When you are one of the most arrogant, self-important corporations on the planet, and when you have grown accustomed to wielding unchallenged influence over politicians and the U.S. military, then it can come as a stunning and horrible blow when you don't get your way.
Last week, Boeing did not get its way.
Instead of letting the company build up to $40 billion worth of aerial tankers in Washington state, the Air Force gave the contract to Northrop Grumman-EADS, which will build them in Mobile. The ensuing wailing and gnashing of teeth were of biblical proportions.
Washington state Congressman Norman Dicks called the decision a "disaster" and added, "It's just one of the worst things in my whole life," indicating how badly he needs to get a life.
"We should have an American tanker built by an American company with American workers," snarled Kansas Congressman Todd Tiahrt, implying that the plane will be assembled in Mobile by ... what?
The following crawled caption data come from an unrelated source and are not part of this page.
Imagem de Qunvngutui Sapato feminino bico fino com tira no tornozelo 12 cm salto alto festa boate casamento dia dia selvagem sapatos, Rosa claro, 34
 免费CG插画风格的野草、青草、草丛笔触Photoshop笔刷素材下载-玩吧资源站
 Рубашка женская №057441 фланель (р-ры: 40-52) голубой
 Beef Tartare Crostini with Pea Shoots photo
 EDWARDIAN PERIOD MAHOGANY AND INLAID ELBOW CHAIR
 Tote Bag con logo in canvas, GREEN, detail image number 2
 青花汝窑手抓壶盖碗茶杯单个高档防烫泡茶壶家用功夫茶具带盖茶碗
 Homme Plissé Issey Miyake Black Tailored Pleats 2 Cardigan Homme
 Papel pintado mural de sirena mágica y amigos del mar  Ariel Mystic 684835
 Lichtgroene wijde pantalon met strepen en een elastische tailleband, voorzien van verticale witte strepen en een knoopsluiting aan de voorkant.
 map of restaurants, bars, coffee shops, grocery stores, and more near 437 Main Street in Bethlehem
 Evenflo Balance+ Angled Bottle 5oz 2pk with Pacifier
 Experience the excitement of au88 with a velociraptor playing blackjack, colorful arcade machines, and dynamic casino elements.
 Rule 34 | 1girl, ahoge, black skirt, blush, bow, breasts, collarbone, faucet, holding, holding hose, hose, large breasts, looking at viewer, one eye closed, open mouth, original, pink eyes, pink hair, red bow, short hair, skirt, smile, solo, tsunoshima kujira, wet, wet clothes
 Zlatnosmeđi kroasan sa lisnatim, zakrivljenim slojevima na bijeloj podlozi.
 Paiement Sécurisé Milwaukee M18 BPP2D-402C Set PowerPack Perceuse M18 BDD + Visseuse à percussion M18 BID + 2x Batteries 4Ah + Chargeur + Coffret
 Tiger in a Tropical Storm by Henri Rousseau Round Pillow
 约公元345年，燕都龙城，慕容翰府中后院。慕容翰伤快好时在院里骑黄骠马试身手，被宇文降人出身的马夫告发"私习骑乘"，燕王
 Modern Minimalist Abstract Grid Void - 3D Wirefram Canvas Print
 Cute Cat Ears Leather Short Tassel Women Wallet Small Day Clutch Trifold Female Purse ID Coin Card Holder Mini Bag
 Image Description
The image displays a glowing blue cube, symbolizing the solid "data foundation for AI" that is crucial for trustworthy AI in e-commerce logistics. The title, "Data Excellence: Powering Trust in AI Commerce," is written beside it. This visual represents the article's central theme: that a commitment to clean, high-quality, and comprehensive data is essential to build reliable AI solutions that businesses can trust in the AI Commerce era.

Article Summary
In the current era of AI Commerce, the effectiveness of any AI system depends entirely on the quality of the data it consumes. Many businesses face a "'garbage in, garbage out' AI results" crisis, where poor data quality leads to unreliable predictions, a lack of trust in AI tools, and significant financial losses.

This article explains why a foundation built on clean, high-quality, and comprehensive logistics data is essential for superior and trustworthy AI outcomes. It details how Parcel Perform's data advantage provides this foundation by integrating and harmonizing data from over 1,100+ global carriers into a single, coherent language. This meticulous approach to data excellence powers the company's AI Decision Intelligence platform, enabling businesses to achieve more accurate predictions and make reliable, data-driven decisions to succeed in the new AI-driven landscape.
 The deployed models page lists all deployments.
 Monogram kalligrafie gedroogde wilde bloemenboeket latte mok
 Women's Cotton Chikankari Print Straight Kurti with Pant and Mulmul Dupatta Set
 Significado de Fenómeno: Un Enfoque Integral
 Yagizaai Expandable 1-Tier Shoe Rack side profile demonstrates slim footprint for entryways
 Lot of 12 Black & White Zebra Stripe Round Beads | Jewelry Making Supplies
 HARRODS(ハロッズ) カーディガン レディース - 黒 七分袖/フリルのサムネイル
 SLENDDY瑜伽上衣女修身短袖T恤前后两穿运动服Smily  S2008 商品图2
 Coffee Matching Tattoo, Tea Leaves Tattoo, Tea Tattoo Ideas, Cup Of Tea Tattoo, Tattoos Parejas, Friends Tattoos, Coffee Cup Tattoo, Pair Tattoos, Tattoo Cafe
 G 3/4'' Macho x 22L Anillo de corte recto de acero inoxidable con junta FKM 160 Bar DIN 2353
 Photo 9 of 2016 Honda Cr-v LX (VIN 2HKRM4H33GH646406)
Martians?
Tiahrt represents a district where Boeing would have done a good bit of the tanker work, which could explain his pique.
In Texas, U.S. Sen. Kay Bailey Hutchison said the contract was "great news." She was not being gracious, however; she apparently had gotten an erroneous tip a few minutes before the Air Force made its announcement.
"Today's contract win for Boeing represents great news for the state of Texas," Hutchison said in a statement that her office quickly retracted.
Instead, the contract represents great news for the state of Alabama, where folks still remember last year's observation by a Boeing vice president that Mobilians might have trouble assembling airplanes.
"It's like being in the living room on Christmas morning, surrounded by boxes," he said, "and you're trying to put a tricycle together for the first time."
Alabama civic and political leaders urged Boeing to apologize for the remark, but such an apology would have required a certain amount of humility, so none was forthcoming.
Arrogance is contagious, apparently. Just last week, when Washington state Gov. Christine Gregoire was in the District of Columbia for a conference, she dropped by the Pentagon, presumably to remind the top brass of Boeing's superiority.
Afterward, Gregoire told reporters she was "banking on us getting" the contract.
"If we don't win, then I think there'll be a lot of questions asked about why in the world would Boeing, with that workforce, that expertise, that experience, that history — how could they not have gotten this?"
Now it's up to Boeing to protest this unfair, unexpected and unwarranted decision, and for the Air Force to explain again that the Northrop-EADS partnership offered a bigger and better plane.
Then the Pentagon will try to convince Congress to fund the tanker project, while Boeing's lobbyists scramble to somehow divert the money or kill the project altogether.
Meanwhile, down in Alabama, we'll be brushing up on our tricycle-assembly skills and hoping — without being petty or small-minded, mind you — that this time the Air Force does what's right.